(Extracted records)
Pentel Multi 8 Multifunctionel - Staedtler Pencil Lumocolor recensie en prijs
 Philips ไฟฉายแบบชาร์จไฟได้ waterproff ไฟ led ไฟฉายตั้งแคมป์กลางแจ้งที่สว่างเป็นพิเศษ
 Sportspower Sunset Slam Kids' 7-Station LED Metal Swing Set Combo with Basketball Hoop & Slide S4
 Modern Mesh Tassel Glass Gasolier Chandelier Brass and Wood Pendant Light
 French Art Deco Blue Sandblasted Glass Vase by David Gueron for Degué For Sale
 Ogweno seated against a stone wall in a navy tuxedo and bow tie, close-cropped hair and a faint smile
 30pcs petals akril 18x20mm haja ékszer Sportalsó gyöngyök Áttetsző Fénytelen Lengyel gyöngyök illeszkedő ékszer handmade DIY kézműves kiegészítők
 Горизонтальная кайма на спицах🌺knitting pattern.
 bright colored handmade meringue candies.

**AIM OF THE TASK:** Show every line of the entries above where the word "handmade" occurs.

**TASK OUTPUT:**
 30pcs petals akril 18x20mm haja ékszer Sportalsó gyöngyök Áttetsző Fénytelen Lengyel gyöngyök illeszkedő ékszer handmade DIY kézműves kiegészítők
 bright colored handmade meringue candies.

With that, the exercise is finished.